Billy went on to be ship cook on the HMS Hood, a battleship of the Royal Navy. He died when the ship was torpedoed while on service during the Second World War, on May 24, 1941.
We also have a poignant Christmas card from Billy to his aunt featuring the ship’s crest, which he sent from the ship the Christmas before it sank.
Bearing the name and address of William Flockhart who, with his partner Duncan, were surgeon apothecaries who produced a number of drugs and medicines in the 1840s. Among the customers on their books were James Young Simpson, the inventor of anaesthetics, and Florence Nightingale.
Ticket to print money
For a play at the Lyceum Theatre entitled Tons Of Money, staged in 1925, a time when hyper-inflation in Germany had reached a point where money was no longer worth the paper it was printed on. While people were paying for loaves of bread with wheelbarrows of cash, in Edinburgh the banknote was used to advertise the ironically titled play.
Club for tall stories
There were a surprising number of secret and not-so-secret societies in Edinburgh in the 1830s, each with its own niche interest or membership rule. This club was dedicated to athleticism. To be a member you had to be a man and, oddly enough, six feet tall. Sir Walter Scott was made an honorary member despite not being that tall and having a limp due to a bout of childhood polio.
Cleaning up the streets
This act is re-publishing a previous act of council from 1714, but which had not been enforced or followed.
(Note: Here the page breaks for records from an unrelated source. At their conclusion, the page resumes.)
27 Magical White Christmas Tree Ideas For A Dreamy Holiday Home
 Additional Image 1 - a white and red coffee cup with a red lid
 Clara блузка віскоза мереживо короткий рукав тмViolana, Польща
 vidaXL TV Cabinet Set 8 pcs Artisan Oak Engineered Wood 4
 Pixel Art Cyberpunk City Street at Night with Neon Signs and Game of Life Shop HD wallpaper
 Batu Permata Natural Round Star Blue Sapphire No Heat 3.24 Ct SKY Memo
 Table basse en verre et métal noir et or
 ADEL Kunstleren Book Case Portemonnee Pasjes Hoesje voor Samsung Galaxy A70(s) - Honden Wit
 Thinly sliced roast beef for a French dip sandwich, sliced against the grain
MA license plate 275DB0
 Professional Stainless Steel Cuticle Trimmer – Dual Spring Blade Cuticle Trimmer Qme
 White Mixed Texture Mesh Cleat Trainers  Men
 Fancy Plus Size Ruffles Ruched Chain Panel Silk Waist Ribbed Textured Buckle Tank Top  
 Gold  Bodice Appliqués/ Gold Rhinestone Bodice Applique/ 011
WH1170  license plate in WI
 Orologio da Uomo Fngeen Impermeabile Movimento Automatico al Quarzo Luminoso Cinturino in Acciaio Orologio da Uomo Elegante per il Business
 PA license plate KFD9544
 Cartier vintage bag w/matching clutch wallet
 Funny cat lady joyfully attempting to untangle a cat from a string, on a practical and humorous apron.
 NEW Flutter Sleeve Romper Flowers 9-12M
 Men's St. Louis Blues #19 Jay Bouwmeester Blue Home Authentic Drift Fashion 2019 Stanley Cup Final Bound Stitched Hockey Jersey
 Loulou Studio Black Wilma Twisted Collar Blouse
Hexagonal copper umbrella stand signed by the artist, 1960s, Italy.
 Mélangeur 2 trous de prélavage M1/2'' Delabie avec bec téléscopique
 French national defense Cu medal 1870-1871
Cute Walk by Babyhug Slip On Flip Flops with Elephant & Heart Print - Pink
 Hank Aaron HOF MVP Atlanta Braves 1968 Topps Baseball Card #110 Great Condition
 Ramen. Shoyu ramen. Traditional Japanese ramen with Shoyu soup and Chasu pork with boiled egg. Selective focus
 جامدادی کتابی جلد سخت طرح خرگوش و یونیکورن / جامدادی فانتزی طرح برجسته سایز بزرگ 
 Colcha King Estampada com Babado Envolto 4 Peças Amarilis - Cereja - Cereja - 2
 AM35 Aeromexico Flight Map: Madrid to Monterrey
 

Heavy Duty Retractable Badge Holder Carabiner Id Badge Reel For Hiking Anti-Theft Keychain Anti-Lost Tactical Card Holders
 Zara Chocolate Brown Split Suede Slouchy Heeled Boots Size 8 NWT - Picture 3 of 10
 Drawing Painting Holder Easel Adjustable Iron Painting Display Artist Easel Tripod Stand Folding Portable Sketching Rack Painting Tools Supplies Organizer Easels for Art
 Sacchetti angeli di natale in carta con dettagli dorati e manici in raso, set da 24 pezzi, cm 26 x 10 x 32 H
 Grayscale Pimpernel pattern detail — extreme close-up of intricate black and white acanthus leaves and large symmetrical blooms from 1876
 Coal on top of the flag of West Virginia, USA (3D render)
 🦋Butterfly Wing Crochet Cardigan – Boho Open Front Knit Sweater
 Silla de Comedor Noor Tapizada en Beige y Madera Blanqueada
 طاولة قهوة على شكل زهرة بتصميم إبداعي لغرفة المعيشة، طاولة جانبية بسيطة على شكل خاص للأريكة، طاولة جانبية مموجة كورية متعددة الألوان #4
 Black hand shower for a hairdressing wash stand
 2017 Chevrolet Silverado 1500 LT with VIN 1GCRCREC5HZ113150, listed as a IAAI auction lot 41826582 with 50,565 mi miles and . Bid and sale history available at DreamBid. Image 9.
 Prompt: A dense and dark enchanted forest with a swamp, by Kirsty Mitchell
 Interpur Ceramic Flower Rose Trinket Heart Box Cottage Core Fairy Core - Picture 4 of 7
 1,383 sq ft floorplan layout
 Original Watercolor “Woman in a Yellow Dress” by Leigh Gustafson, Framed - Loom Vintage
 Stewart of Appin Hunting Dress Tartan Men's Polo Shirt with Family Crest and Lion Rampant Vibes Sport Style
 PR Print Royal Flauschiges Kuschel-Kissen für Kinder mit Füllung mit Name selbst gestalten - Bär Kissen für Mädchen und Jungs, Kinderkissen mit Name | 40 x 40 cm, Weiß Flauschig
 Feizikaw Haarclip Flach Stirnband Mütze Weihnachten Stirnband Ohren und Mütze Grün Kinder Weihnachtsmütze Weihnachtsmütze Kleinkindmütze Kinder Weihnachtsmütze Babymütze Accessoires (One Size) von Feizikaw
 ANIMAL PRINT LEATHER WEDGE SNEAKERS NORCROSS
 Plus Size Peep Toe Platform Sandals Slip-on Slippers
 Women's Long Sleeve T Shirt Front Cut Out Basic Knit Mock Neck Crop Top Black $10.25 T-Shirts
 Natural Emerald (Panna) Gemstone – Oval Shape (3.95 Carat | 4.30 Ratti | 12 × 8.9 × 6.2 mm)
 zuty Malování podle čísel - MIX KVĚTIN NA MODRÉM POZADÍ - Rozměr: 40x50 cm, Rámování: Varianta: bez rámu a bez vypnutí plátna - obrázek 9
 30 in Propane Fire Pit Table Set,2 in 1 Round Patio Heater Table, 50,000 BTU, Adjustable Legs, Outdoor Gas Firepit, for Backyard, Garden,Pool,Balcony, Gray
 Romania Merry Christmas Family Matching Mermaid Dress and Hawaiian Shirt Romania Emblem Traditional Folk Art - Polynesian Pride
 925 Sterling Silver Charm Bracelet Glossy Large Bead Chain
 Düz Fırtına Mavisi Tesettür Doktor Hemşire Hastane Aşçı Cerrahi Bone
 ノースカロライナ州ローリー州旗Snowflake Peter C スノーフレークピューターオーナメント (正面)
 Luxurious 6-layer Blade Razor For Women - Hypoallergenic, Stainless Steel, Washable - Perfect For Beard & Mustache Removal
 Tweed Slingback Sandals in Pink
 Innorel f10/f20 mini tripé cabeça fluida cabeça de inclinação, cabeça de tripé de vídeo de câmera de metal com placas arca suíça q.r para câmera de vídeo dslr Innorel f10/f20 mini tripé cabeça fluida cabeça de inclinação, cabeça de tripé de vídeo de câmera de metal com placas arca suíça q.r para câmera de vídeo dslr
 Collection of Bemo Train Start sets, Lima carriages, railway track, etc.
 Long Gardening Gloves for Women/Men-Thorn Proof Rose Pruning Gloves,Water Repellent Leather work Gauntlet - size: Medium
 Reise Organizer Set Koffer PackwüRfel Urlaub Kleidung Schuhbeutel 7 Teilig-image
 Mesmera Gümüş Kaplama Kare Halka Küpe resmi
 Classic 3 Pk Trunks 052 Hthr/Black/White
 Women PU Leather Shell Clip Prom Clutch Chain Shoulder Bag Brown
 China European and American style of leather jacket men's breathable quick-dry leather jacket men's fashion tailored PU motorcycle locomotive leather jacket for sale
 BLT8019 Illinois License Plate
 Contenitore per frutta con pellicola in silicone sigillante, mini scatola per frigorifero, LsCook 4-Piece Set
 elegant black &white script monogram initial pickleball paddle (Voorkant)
The act forbids the practice of throwing out “foul water, filth, dirty and other nastiness” into the streets.
The notion that the people living in the Old Town used to throw their rubbish on to the streets to the warning calls of “Gardy Loo!” is well known, but this act was trying to do away with this. We also found images of a huge, water-filled street cleaning truck from the 1930s.
These items demonstrate how the collections we’re uncovering during the Auld Reekie Retold project show a long span of Edinburgh’s story. They show us how the city got to be where it is today, and also how people centuries ago had the same everyday concerns we do now.
Portable (with plug)
A “portable” hairdryer from the 1970s, designed to be used at home and worn like a satchel with a tube that connected to a shower cap-style hood that would allow the user to go about their day as they dried and set their hair (as long as their day was only two feet from a plug). This was aimed at the modern woman, leaving her hands free to get on with her day.